Segment Start: SOURCE INFORMATION
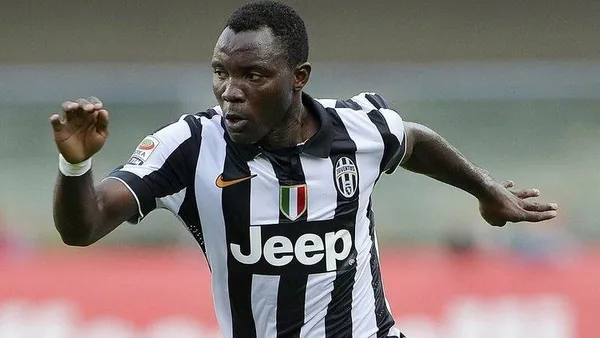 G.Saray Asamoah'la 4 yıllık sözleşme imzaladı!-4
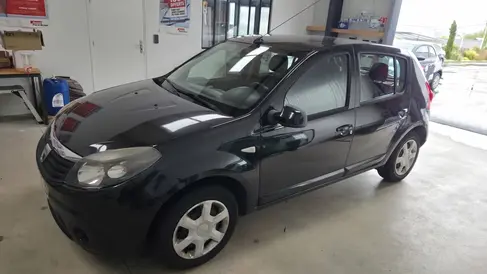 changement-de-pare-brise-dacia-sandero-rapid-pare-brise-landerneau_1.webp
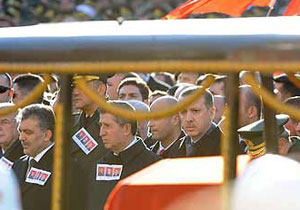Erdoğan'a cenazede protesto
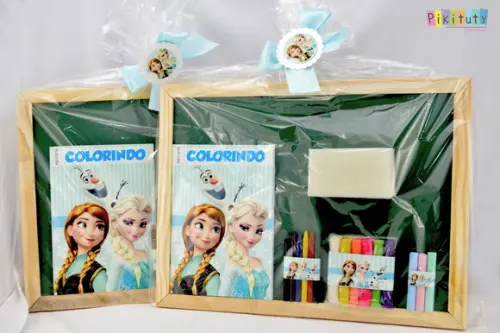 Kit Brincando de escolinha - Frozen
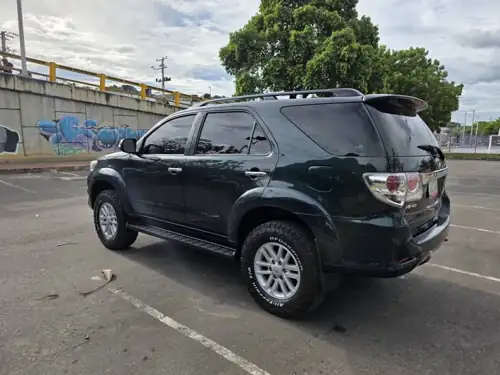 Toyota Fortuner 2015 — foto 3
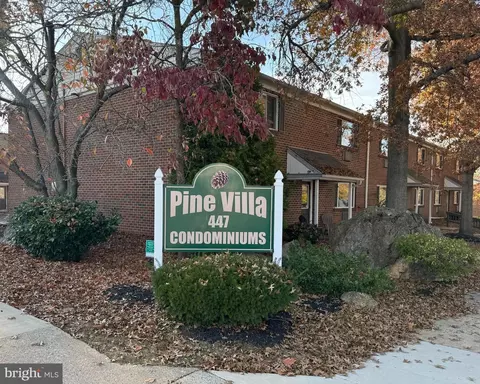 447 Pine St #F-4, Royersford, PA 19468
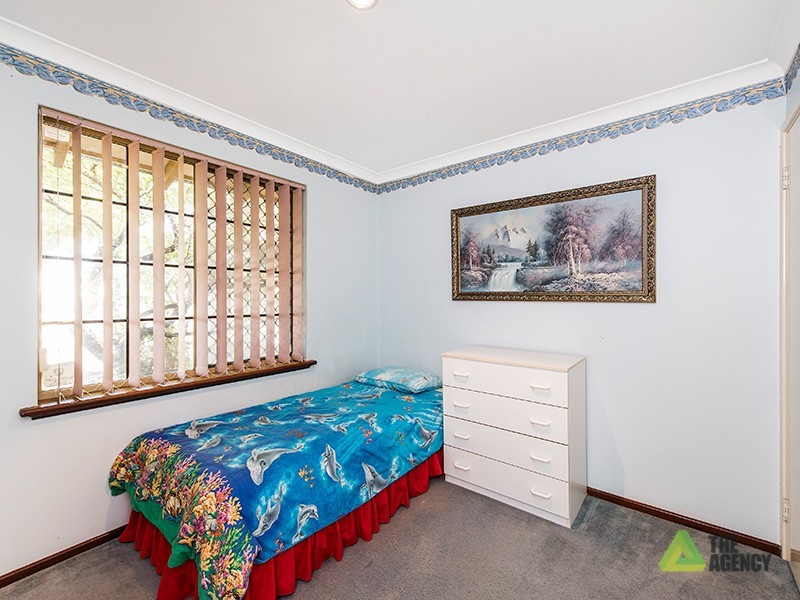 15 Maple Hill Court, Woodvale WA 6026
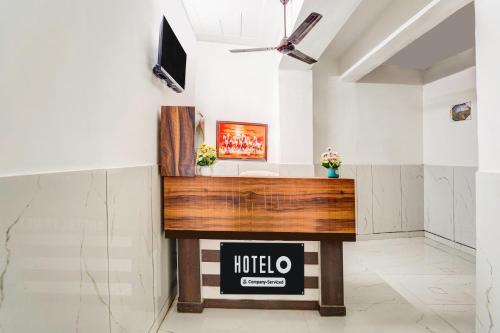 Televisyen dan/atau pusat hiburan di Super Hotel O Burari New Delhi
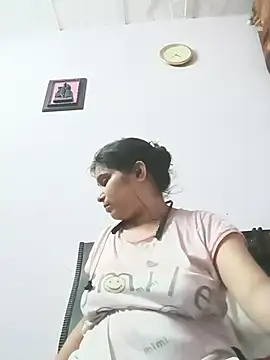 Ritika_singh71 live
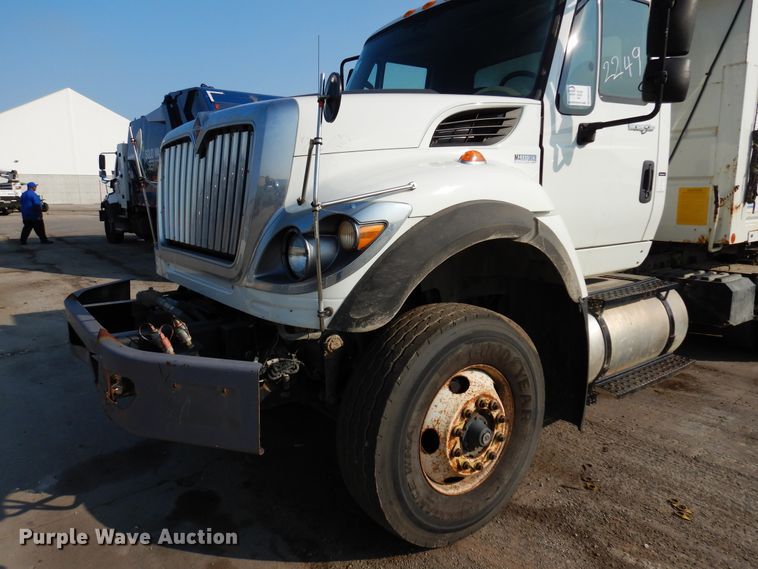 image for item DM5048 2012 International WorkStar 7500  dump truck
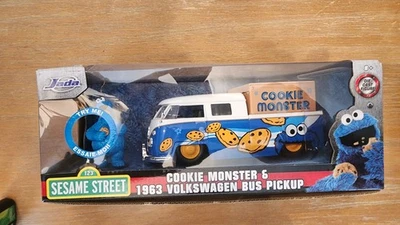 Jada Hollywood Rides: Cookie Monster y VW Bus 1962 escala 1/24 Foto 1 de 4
Segment End: SOURCE INFORMATION
— WHAT TO WORK ON —
Write out the lines of the entries above exactly, beginning with the first and ending with the line that contains "15 Maple Hill Court, Woodvale WA 6026". No picture goes in.

— FINAL ANSWER —
 G.Saray Asamoah'la 4 yıllık sözleşme imzaladı!-4
 changement-de-pare-brise-dacia-sandero-rapid-pare-brise-landerneau_1.webp
Erdoğan'a cenazede protesto
 Kit Brincando de escolinha - Frozen
 Toyota Fortuner 2015 — foto 3
 447 Pine St #F-4, Royersford, PA 19468
 15 Maple Hill Court, Woodvale WA 6026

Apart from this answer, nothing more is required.